The strap was already over Berni’s head. She approached the bar, holding out a single box of cigarettes with a red airplane on the cover; she realized, when she turned to see Anita and Lev smirking at her, that she hadn’t a clue how much each of them cost.

“Josetti, meine Herren?” she asked men who ignored her. “Smooth and . . .” Every sad face at the bar already had a cigarette in its lips, dropping ash. She moved on to the tables. “Come on,” she told one particularly hard-looking man with great loops of dark skin under his eyes, “you’re making yourself look cheap.”

“Piss off,” he said, looking toward the radio. “I’m trying to listen.”

She tried offering the tins shaped like bullets, the ones with a winged victory goddess on the box, but nobody gave her a second look.
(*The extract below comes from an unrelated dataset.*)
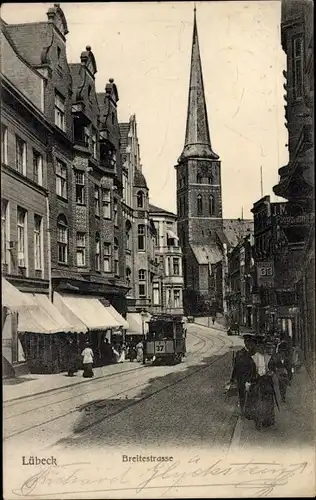 Ak Lübeck in Schleswig Holstein, Breitestraße, Straßenbahn 37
She was ready to give up when she felt someone palm her ass as she passed his table. Not a pinch or slap, or even a grab, but a long, slow swipe, covering both sides of her derrière. She whirled around to see a younger man wearing the broadcloth cap, but clearly German, not Russian.

“Relax,” he said, “I’ll put something in your tip bowl.”

Berni reached down and pressed her thumb into his eye.

The other men at his table started laughing as he shrieked, covering his eye, calling Berni every obscenity she’d ever heard, plus some new ones. Lev and Anita came running. “Is there blood?” The man pried his eye open as Lev murmured, “Let me see, let me see.”

“He touched me!” Berni spat. “On my bottom, like he owned it!” She could tell Anita was trying not to laugh. Their eyes met, Anita’s sparkling. Soon the two of them had collapsed into giggles.

“What is this girl’s name?” the man spat. “Better not see her again, Lev, or I swear—”

“Her name is Berni,” said Lev, “and she is only training, mein Herr.” He glared at her with his hand on the man’s shoulder.

“Berni!” Now the man began to laugh, still holding his eye. He whispered something to his companions. “You should not hire another one, Lev, they’re nothing but trouble.”

“No, no.” Anita laughed lightly. “Berni, it’s short for Bernadette, not Bernard.”

Everyone except Berni laughed together now, and she felt a prickle of panic. What were they talking about? “How’s my given name your business?”

“Calm down, honey,” said another man at the table. “When a big girl like you runs around with a Transvestit, well, people are going to get confused.”